### Given data
--- START ---
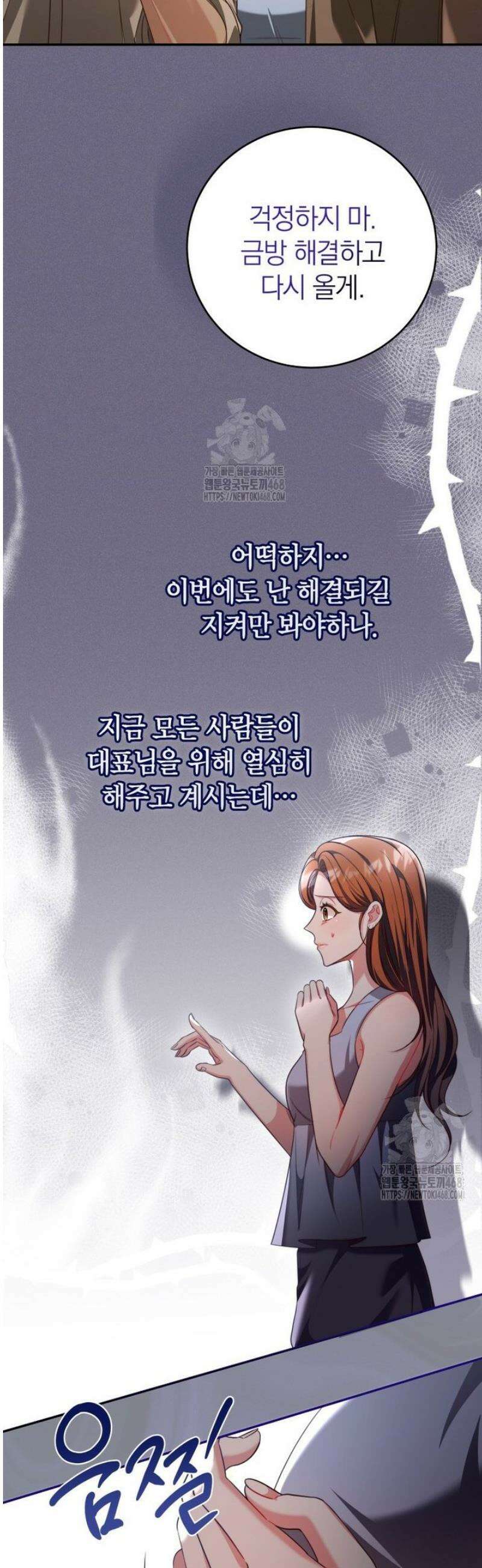 강한 남자 39화 43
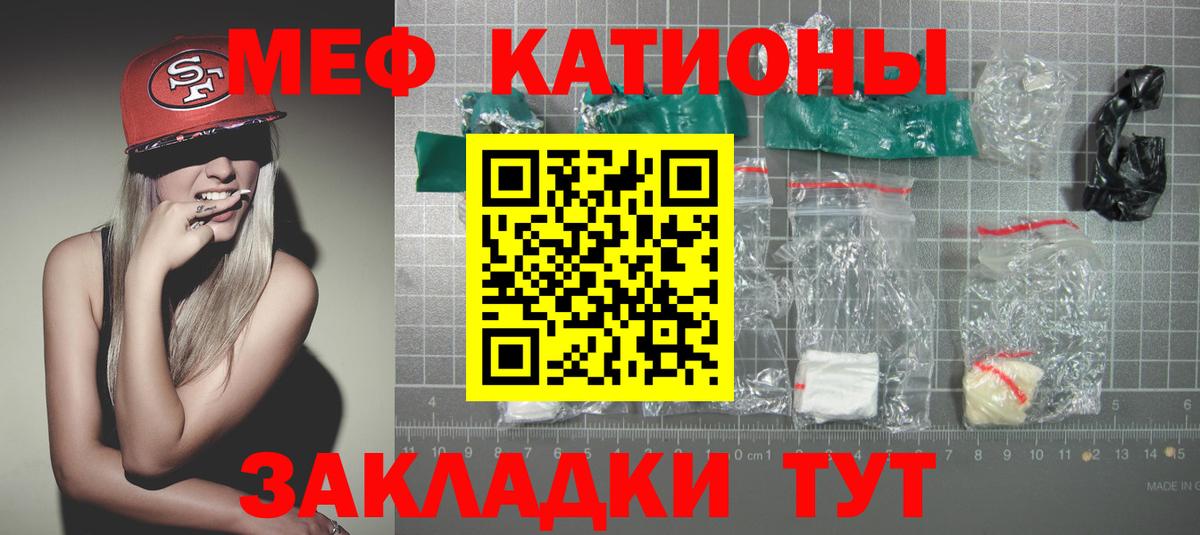 Меф мука Осинники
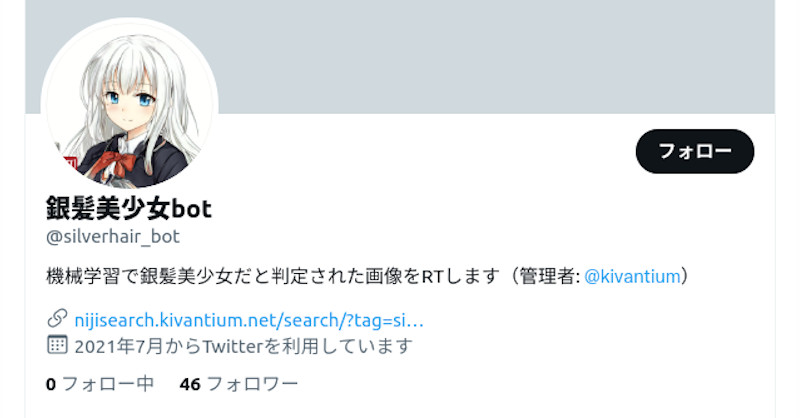 銀髪美少女botを作った Kivantium活動日記 銀髪美少女botを作った Kivantium活動日記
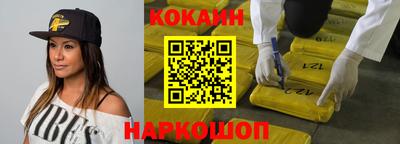 герыч Нарткала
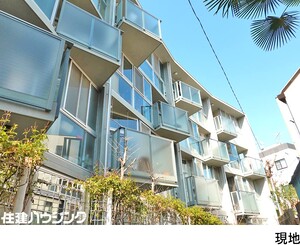 テラス下目黒 中古マンション目黒区下目黒４丁目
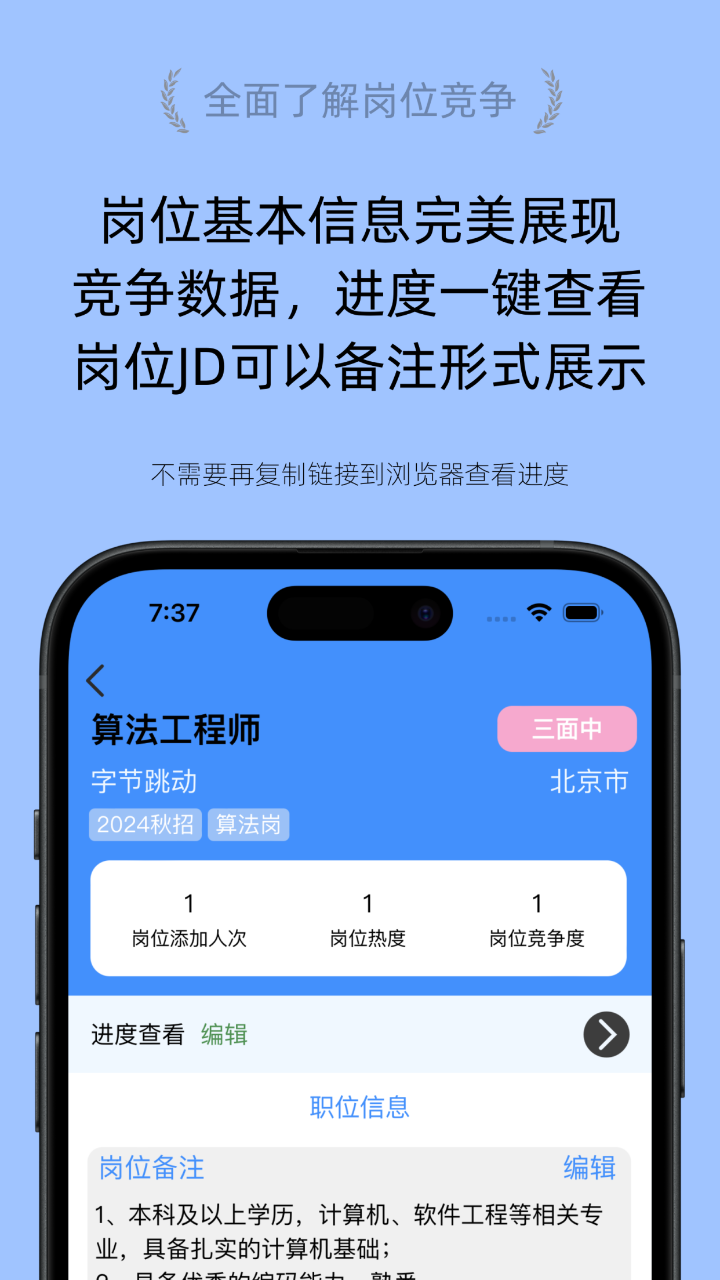 精彩截图-求职伴侣2026官方新版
--- END ---
Write out the records in full and exactly, omitting the pictures they hold.

 강한 남자 39화 43
 Меф мука Осинники
 銀髪美少女botを作った Kivantium活動日記 銀髪美少女botを作った Kivantium活動日記
 герыч Нарткала
 テラス下目黒 中古マンション目黒区下目黒４丁目
 精彩截图-求职伴侣2026官方新版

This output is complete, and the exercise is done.